THE TASK: Your task is to copy the stretch of lines in the records below that begins with the line containing "Отель The Westin" and ends with the line containing "Gallery image thumbnail", exactly as written, with nothing added.

EXERCISE MATERIAL:
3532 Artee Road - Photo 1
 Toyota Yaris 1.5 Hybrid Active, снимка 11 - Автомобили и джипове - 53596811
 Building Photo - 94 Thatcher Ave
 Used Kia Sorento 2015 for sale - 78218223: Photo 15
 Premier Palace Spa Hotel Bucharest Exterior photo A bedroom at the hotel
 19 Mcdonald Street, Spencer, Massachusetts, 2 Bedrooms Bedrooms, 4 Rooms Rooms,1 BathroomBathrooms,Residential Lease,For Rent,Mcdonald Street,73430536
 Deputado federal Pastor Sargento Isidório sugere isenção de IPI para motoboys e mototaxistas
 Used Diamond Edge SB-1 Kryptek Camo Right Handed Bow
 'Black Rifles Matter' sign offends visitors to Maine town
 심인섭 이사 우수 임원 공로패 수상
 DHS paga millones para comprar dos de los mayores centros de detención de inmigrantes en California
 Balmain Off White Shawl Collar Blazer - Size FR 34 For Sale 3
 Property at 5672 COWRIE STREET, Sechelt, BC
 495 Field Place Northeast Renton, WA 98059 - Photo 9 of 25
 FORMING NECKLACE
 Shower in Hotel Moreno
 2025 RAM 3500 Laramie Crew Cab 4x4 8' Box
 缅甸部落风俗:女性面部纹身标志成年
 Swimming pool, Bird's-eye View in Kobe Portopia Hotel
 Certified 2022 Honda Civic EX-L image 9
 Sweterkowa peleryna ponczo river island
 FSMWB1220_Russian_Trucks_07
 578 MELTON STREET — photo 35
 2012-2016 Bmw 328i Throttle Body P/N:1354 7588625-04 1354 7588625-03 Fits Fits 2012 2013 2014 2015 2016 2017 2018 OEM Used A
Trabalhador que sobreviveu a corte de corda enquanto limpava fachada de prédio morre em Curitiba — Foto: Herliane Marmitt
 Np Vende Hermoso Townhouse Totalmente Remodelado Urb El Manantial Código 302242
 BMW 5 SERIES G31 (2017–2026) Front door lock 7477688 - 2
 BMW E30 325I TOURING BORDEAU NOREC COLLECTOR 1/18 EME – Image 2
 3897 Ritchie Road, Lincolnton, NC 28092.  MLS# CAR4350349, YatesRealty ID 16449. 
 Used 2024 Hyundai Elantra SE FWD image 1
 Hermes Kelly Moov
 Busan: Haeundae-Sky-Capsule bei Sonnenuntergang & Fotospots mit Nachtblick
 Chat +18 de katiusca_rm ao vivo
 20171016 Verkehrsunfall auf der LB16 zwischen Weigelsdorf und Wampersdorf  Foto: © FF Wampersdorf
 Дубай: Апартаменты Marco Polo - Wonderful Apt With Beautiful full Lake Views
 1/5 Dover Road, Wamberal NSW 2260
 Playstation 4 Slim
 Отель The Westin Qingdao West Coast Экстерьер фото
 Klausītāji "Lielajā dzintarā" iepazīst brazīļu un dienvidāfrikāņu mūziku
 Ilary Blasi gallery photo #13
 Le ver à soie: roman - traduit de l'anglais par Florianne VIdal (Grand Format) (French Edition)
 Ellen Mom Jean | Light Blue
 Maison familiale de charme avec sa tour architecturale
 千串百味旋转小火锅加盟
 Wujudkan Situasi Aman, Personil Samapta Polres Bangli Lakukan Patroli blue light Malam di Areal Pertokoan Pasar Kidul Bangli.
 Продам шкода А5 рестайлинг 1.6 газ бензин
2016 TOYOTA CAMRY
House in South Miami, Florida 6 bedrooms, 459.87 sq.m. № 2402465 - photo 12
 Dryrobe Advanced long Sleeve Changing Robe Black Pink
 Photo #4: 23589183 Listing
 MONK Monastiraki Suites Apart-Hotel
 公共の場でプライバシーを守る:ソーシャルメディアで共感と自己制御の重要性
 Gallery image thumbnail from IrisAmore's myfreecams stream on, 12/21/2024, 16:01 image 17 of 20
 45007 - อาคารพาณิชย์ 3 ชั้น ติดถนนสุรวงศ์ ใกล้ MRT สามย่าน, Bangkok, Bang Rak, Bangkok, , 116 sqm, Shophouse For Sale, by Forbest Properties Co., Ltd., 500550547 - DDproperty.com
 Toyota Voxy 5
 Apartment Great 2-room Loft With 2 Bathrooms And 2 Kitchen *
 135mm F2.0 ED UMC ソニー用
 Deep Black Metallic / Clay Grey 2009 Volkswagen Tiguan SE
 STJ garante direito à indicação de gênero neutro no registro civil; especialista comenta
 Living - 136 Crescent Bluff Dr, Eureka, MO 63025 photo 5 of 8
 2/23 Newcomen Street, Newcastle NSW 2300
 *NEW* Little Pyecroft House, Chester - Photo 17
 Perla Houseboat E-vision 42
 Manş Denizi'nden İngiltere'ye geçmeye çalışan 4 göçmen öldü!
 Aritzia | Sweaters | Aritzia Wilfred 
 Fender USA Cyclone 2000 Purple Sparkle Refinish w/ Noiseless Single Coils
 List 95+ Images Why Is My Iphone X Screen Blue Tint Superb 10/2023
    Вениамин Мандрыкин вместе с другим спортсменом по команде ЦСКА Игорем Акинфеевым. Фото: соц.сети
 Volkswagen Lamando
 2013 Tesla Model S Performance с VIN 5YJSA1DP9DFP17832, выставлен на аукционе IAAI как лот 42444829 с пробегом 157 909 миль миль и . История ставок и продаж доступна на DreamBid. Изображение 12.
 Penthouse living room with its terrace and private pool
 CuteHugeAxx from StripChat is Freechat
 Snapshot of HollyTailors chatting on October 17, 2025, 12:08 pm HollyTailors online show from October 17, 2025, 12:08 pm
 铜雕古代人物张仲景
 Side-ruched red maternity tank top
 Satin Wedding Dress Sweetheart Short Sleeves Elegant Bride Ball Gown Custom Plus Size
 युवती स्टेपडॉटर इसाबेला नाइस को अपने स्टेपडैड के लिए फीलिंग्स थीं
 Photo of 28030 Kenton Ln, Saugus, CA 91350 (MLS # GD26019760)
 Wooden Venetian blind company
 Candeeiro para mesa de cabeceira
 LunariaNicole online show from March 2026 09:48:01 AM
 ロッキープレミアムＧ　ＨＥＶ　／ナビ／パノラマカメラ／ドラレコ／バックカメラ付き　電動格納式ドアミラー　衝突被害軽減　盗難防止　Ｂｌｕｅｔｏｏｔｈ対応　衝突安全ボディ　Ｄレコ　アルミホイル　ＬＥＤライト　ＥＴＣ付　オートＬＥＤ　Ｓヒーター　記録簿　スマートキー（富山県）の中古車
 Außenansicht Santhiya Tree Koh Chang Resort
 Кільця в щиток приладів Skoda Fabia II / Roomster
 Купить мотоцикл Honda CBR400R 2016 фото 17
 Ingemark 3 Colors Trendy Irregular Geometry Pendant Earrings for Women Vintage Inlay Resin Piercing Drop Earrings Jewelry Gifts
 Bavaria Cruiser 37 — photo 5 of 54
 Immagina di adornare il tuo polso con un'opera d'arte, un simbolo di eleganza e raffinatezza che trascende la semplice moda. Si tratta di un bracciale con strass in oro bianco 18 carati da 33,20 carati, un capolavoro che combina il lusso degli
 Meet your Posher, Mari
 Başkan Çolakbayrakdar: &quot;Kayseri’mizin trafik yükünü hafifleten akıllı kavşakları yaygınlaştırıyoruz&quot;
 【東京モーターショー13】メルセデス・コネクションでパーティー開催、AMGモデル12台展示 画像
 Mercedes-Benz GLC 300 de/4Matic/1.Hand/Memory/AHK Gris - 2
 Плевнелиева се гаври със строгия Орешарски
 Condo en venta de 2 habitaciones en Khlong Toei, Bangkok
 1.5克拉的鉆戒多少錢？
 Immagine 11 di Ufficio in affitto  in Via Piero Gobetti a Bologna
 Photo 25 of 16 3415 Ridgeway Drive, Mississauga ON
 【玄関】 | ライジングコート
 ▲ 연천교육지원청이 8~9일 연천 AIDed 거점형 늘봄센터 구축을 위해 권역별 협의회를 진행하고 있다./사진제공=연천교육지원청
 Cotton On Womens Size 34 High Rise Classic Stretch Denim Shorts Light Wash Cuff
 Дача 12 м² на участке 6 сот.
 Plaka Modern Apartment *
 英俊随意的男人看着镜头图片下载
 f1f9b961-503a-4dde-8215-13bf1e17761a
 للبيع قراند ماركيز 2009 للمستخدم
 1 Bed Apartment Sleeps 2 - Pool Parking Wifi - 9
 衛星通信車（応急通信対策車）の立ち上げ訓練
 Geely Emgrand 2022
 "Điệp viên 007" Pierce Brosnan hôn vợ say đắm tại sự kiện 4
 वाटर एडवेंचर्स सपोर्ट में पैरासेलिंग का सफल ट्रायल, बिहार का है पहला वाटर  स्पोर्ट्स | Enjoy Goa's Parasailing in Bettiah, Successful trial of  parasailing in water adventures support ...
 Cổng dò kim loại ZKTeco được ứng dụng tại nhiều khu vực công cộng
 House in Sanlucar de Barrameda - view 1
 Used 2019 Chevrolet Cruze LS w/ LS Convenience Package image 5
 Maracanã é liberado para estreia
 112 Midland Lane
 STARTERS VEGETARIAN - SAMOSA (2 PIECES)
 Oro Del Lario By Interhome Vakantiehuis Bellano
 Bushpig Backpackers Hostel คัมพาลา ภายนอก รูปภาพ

ANSWER AREA:
 Отель The Westin Qingdao West Coast Экстерьер фото
 Klausītāji "Lielajā dzintarā" iepazīst brazīļu un dienvidāfrikāņu mūziku
 Ilary Blasi gallery photo #13
 Le ver à soie: roman - traduit de l'anglais par Florianne VIdal (Grand Format) (French Edition)
 Ellen Mom Jean | Light Blue
 Maison familiale de charme avec sa tour architecturale
 千串百味旋转小火锅加盟
 Wujudkan Situasi Aman, Personil Samapta Polres Bangli Lakukan Patroli blue light Malam di Areal Pertokoan Pasar Kidul Bangli.
 Продам шкода А5 рестайлинг 1.6 газ бензин
2016 TOYOTA CAMRY
House in South Miami, Florida 6 bedrooms, 459.87 sq.m. № 2402465 - photo 12
 Dryrobe Advanced long Sleeve Changing Robe Black Pink
 Photo #4: 23589183 Listing
 MONK Monastiraki Suites Apart-Hotel
 公共の場でプライバシーを守る:ソーシャルメディアで共感と自己制御の重要性
 Gallery image thumbnail from IrisAmore's myfreecams stream on, 12/21/2024, 16:01 image 17 of 20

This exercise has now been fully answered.